JAXA’s SLIM is Back To Work on the Moon

JAXA’s SLIM is Back To Work on the Moon

JAXA’s Smart Lander for Investigating Moon, or SLIM, has resumed operations on the lunar surface. SLIM landed upside down because of an engine failure leaving the solar cells pointing in the wrong direction. But the sun’s angle has changed over the past several days and the solar cells are now recharging the battery.

JAXA’s Institute for Space and Astronautical Science (ISAS) excitedly reported restoring contact with SLIM.

The lander was able to send back data and images for about two-and-a-half hours on January 19 Eastern Standard Time (January 20 in Japan) before mission controllers deliberately disconnected the battery when it reached 12 percent to preserve this opportunity to start back up again.

SLIM ejected two tiny rovers just before landing, Lunar Excursion Vehicle-1 (LEV-1) and Lunar Excursion Vehicle-2 (LEV-2). LEV-1 can communicate directly with Earth and is a relay for LEV-2, a baseball-sized “transformer” rover built by Japan’s Takara Tomy toy company. LEV-2 took a picture showing SLIM with its nose in the lunar dirt. The image also confirmed that one of SLIM’s two engine nozzles is missing. The engine failure led to the bad landing.

Image of JAXA’s Smart Lander for Investigating Moon (SLIM) upside down on the lunar surface taken by the LEV-2 transformer rover. Credit: JAXA/ISAS post on X (@ISAS_JAXA-EN) January 25, 2024.

The solar cells are mostly on top of the lander so sunlight could not reach them until the sun’s angle shifted.

Illustration of SLIM on the lunar surface as it should have landed. Note the solar cells on top. Credit: JAXA.

SLIM’s main purpose is demonstrating pinpoint landing accuracy. The theme of the mission is moving from “the era of ‘landing where we can’ to ‘landing where we want'” according to a January 25 JAXA press conference.  Despite everything, it landed well within 100 meters of the designated location — 55 meters east of that spot. The accuracy was even better at 50 meters above the surface before obstacle avoidance maneuvers began, perhaps as good as 3-4 meters, JAXA said.

Based on JAXA’s pre-established criteria for “minimal,” “full” and “extra” success, SLIM already could claim full success based on landing accuracy. Now it’s working on “extra.”

Source: JAXA’s press kit for SLIM.

Images from SLIM’s Multi-Band Camera (MBC) already are coming back, adding to the partial image received the first day.  JAXA’s scientists are naming the rocks and today’s image was of “Toy Poodle.”

Image taken by SLIM on January 19, 2024 EST (January 20 JST). Credit: JAXA-ISAS.

SLIM is one of a new class of lunar landers that are much less expensive — and much less robust — than those sent in the 1960s and 1970s by the Soviet Union and the United States and more recently by China. Their electronics are not designed to survive the bitter cold and darkness of lunar night.
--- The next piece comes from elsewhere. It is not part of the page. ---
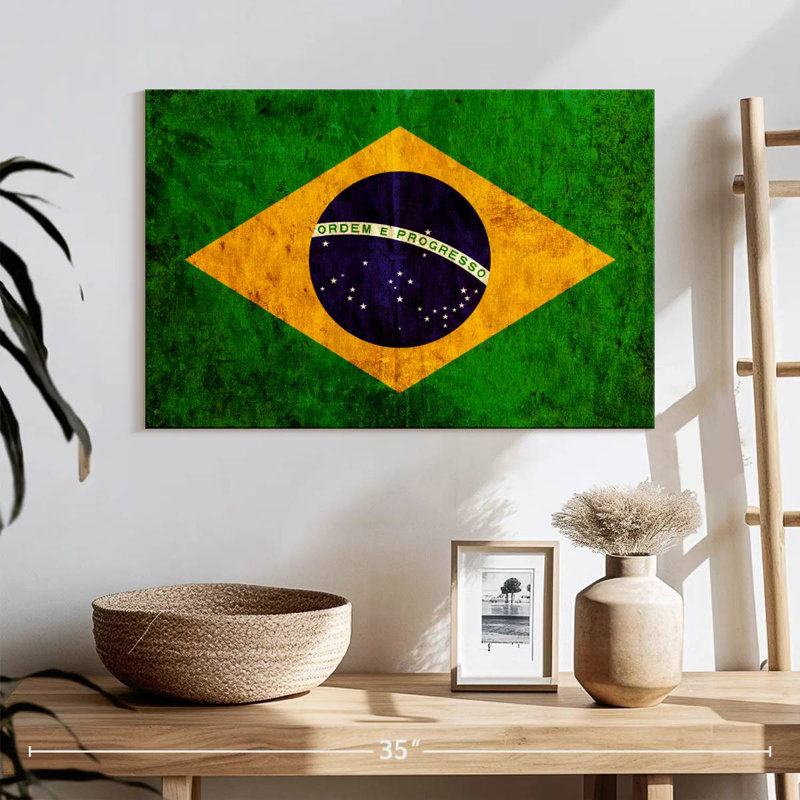 Drapeau brésilien Borges, H 16 po x l 24 po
Every part of the Moon, except the poles, experiences 14 days of sunlight and 14 days of darkness. (There is no “dark side” of the Moon in permanent darkness.) Temperatures fall to minus 208ºF (minus 130ºC) at night.

SLIM is in the Shioli Crater in the Sea of Nectar (Mare Nectaris) and night soon will fall there, but a couple more days of operations may be possible.

Japan is the fifth country to successfully soft land on the Moon, joining the Soviet Union, United States, China, and India.

In the past decade, only government-built spacecraft have landed successfully: China’s Chang’e-3/Yutu lander/rover in 2013, Chang’e-4/Yutu-2 far-side lander/rover in 2019 and Chang’e-5 sample return mission in 2020; and India’s Chandrayaan-3 in 2023.

Attempts by others, both governments and private entities, have failed: an Israeli non-profit, SpaceIL, with its Beresheet lander in 2019; India’s first attempt with Chandrayaan-2 in 2019; JAXA’s first attempt with the OMOTENASHI cubesat launched on the Artemis I test flight in 2022; a Japanese commercial company, ispace, with HAKUTO-R M1 in May 2023; the Russian government’s Luna-25 in August 2023; and the U.S. commercial company Astrobotic’s Peregrine last month.

Another U.S. commercial attempt is coming up in February with Intuitive Machines’ Nova-C.

Astrobotic and Intuitive Machines are two of several companies developing lunar landers through Commercial Lunar Payload Services (CLPS) partnerships with NASA. NASA pays them to deliver NASA payloads to the lunar surface and they are expected to find non-NASA customers to close the business case. Like SLIM, Peregrine and Nova-C are not designed to survive the lunar night.